Estruturação gradual: essas empresas devem, gradualmente, adaptar sua estrutura para melhor acomodar os diferentes estágios de evolução. No início, manter a estrutura informal ajuda na adaptação e na formação de cultura. Com o crescimento, processos e estruturação de uma área de RH, assim como das demais áreas, tornam-se necessários para gerenciar o crescimento. 
Motivação pelo sonho: um dos principais atrativos de uma startup é a proposta de valor na qual o colaborador é parte integral da formação de uma nova empresa.

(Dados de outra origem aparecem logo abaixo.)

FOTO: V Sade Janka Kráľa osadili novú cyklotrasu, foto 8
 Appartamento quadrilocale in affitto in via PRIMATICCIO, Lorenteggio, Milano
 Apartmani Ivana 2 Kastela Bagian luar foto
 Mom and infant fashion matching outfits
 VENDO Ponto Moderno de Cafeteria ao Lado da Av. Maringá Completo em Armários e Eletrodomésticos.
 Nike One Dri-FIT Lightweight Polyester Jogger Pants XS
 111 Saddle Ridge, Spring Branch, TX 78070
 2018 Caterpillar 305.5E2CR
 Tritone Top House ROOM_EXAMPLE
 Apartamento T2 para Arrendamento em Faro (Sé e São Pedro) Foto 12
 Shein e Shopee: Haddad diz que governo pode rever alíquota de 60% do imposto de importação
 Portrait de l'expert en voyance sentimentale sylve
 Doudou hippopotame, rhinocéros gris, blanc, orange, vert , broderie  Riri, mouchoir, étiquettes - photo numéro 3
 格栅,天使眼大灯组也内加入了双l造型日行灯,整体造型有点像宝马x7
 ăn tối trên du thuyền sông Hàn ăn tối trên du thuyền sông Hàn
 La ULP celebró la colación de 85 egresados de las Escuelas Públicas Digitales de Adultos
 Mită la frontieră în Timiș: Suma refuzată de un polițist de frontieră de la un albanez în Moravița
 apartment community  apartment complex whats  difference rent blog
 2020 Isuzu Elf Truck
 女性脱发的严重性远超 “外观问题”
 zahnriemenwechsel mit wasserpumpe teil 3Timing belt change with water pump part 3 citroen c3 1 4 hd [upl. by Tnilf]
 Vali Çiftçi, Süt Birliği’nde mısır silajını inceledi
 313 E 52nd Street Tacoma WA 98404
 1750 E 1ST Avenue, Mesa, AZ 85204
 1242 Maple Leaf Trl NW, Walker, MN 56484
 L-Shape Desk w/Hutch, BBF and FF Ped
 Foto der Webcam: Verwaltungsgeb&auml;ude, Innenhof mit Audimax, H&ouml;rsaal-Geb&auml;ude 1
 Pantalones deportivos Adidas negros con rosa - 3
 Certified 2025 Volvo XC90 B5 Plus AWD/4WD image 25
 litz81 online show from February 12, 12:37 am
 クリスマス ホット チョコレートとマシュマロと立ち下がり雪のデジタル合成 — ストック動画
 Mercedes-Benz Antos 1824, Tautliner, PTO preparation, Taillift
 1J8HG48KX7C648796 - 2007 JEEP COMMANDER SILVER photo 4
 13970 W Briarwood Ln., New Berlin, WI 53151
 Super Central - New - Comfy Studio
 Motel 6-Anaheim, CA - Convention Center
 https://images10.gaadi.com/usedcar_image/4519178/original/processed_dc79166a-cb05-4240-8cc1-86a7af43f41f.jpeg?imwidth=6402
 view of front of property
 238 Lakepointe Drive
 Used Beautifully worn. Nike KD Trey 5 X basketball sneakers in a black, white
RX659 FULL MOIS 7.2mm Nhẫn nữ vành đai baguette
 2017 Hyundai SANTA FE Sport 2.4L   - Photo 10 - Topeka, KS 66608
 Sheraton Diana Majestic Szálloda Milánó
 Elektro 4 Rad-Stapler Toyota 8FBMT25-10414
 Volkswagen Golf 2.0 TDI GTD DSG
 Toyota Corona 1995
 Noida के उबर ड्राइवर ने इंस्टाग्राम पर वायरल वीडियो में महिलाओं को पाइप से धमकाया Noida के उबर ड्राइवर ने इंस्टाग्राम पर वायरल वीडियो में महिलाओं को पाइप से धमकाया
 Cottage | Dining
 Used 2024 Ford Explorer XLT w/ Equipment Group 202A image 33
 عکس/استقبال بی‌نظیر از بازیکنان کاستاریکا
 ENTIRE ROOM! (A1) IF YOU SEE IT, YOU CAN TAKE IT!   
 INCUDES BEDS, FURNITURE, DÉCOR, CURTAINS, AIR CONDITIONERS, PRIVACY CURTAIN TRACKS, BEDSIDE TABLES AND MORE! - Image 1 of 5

Portanto, fundadores devem articular esse sonho de modo constante, e sempre mantê-lo vivo entre os funcionários. 
Remuneração por desafio: uma combinação de remuneração fixa com componentes variáveis – dando oportunidade para altos retornos no caso do sucesso da empresa – deve ser estruturada para motivar os colaboradores a trabalhar juntos e superar desafios. 
Agilidade: os fundadores e colaboradores devem não apenas ser flexíveis para entender novas realidades, como também ágeis para adaptar-se a elas. 

É preciso perfil para atuar nessas empresas? Em sua opinião, há profissionais de RH que não se adaptam ao modelo de negócios das startups? 
Sim. Falamos sobre a natureza dinâmica dessas empresas e da necessidade de o indivíduo ser flexível, adaptável, dedicado, proativo, aberto e otimista. O profissional de RH, assim como os demais líderes de área da empresa, deve ter um alto espírito empreendedor. Profissionais que atuam melhor em ambientes estruturados, com alta hierarquia e processos definidos provavelmente não estarão preparados para se adaptar e ter sucesso nesse ambiente.